Sıcak havada oynayan ve egzersiz yapan çocukların yalnızca su içmeye teşvik edilmesi yeterli değildir, izlenmeleri de gerekir.Genellikle hafif dehidrasyon sık susama ve sarı idrar gibi belirtilerle kendini gösterirken, daha ciddi dehidrasyon ciltte, ağız ve dilde kuruluk, gözlerde çöküklük, griye dönen deri rengi, deride kızarma, sıcaklık ve gevşeklik, gözyaşının olmaması, idrar çıkışında azalma gibi belirtilere neden olur.

Hidrasyonun sağlanamaması çocuğun zihinsel performansını ve öğrenme yeteneğini olumsuz etkiler. Halsizlik , baş dönmesi , baş ağrısı ve yorgunluk oluşumunun yanı sıra dikkat ve konsantrasyon yeteneğinin azalmasına neden olur. Susuzluk hissedildiğinde hafıza, dikkat ve konsantrasyon gibi zihinsel performans faktörleri de %10 azalmıştır.

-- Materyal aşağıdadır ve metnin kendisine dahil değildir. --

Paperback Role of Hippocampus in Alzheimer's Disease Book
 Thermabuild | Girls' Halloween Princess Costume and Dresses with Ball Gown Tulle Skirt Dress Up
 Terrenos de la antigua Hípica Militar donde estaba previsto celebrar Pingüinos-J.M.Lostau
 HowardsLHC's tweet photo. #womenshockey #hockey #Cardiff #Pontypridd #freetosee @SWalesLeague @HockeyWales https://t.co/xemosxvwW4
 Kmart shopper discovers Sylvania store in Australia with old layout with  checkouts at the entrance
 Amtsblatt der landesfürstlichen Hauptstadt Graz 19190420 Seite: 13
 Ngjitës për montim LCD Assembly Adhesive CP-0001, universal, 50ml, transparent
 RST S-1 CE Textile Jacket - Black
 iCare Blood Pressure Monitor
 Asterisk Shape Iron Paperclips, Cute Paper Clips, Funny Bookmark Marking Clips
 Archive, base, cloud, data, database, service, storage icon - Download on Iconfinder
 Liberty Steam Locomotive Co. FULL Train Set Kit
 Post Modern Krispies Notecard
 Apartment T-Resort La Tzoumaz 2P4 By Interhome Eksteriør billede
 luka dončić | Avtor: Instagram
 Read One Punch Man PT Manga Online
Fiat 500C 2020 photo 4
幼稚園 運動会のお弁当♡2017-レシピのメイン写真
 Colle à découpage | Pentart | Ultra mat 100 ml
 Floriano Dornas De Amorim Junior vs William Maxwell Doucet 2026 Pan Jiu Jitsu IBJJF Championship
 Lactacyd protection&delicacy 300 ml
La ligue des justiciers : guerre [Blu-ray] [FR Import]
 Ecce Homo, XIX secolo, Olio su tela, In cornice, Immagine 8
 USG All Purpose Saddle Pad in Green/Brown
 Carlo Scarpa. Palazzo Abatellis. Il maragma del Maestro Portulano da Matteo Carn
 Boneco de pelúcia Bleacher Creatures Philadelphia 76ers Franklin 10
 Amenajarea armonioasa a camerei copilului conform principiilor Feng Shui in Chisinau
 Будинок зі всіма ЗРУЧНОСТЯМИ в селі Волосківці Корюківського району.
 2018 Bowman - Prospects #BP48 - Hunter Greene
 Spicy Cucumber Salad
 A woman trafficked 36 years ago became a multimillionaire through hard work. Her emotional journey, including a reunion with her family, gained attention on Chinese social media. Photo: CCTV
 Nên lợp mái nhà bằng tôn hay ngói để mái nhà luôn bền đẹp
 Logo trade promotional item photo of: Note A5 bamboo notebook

Çocukların sıvı gereksinimi yaşla birlikte değişir. Süt alımı azaldıkça içiceklerle alınan su giderek daha önemli hale gelir. 0-1 yaşta anne sütü en iyi sıvı kaynağıdır. 6.aydan itibaren su ve tamamlayıcı besinler (mama, sebze suyu) anne sütüne destek olarak sıvı kaynağını oluşturur. 1 yaş sonrası ise en iyi sıvı kaynağı sudur.

Tatlarından dolayı popüler olan asitli içecekler çocuklar için daha çekici gibi görünse de hiçbir zaman suyun yerine geçemezler. Kafein içerikleri yüksek olan bu grup içecekler, yüksek asit içerikleri ile dişler için de zararlıdır ve yüksek kalorileri nedeniyle çocukluk çağı obezitesine zemin hazırlarlar.